## August 14, 2022

I’ve recently been thinking about how to do passwords better. I’m not thinking about how we ought to be replacing passwords with 2FA or hardware based authentication or anything like that, but, if we have a system that requires a username/password combination as a method of authentication, how to come up with a good password. My criteria are:

• no single point of failure
• no reliance on the cloud
• easy to remember

A couple of notes on the first two. I should be able to recover from losing all my stuff: that is, if my laptop and phone fall into the sea, I shouldn’t lose access to all my passwords. I should also be able to recover my password without using a third-party service or online system. I don’t want to be held hostage to the whims of some password manager service.

The space of possible passwords is enormous: you probably have 80 or so characters at least for each possible position. And if your password is 5 characters long that’s already 3.2 billion possibilities. If your password is 10 characters long that’s 10.7 quintillion possibilities. But the collection of “memorable” passwords only explores a tiny tiny fraction of this space. Memorable things include birthdays and actual words, so “memorable” passwords will be primarily lowercase letters or numbers. Rather than 80 possibilities per character, that’s 36 possibilities. (Or 62 if we include uppercase letters as well). Even within the numbers, memorable birthdays are a tiny fraction: there’s only 366 possible birthdays and only a handful of formats one might write them in. Even if you throw in the year as well, there’s only a few hundred thousand possibilities to check. And how many possible combinations of letters are actually a word? So just thinking of a thing and remembering it isn’t a good way to create a password, because you’re exploring a tiny (and likely crowded) part of password-space.

Here’s an alternative approach. Rather than using the memorable thing as a password, the memorable thing is part of a process that generates a more random-looking individual in password space.
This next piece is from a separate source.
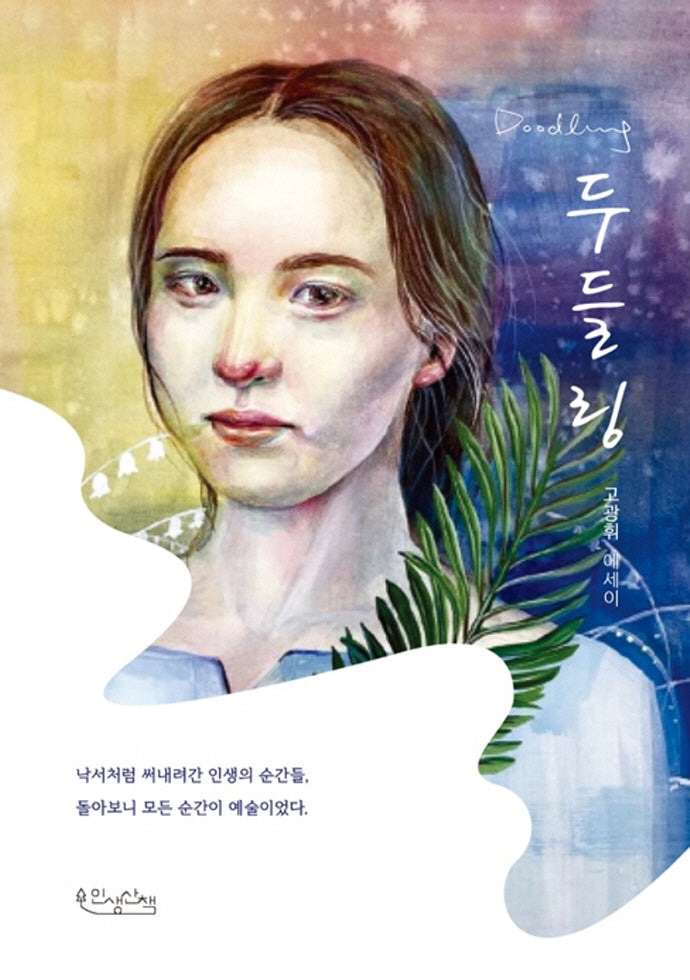 두들링(Doodling)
So, we have something memorable, a word or phrase and then we also remember some method whereby we transform this phrase into a random-looking (unguessable) sequence of characters that we can then use as a password. What properties does this method have to have?

• I need to be able to implement in quickly on any computer I happen to be on
• It needs to be deterministic so that whenever I do the method, I get the same result
• It needs to generate a password of the right length for whatever service I am trying to authenticate with
• It needs to use only characters permitted by the service
• It needs to fulfil the other requirements of the service (at least one uppercase letter or whatever)

One method that satisfies the second and (sort of) the first of these requirements is a standard off-the-shelf hashing algorithm. Hashing algorithms like MD5 and SHA256, for example, are deterministic, and pretty much any computing environment will have the tools to implement the algorithm. For example, I could generate the MD5 hash of my memorable phrase, and use this number, translated into hex as my password:

import hashlib



Rather than print, I could use a module like pyperclip to copy the password to my clipboard, ready to paste into the password box. Nice!

This solution is not, however very good. There’s a number of problems with it. One issue is that this would be longer than many services permit their passwords to be. For example, the MD5 hash of “Password” is: dc647eb65e6711e155375218212b3964. Another issue is that, since it’s a number translated into hex, it only uses the ten digits and the letters a–f. So, again, we’re not exploring a huge area of password-space. And if the service you are using requires an uppercase letter or a punctuation character, then this approach isn’t going to work.

But this gives us something of an idea of where to look. We want to take a variable-length phrase, and translate it into a fixed-length binary number in a deterministic way. Then we want to translate the binary number into a string of characters from some specified alphabet of symbols such that that string is seemingly random. Given our purposes, we needn’t be picky about the cryptographic properties of the hash function we use, and we aren’t too fussy about the statistical properties of the output string. The important thing is that the algorithm is simple enough that you can remember enough about it to reimplement it on a new computer if all your stuff falls in the sea.

So that’s a problem statement. I’m still experimenting with my solution, but I imagine I’ll revisit this topic when I’ve found something I’m happy with.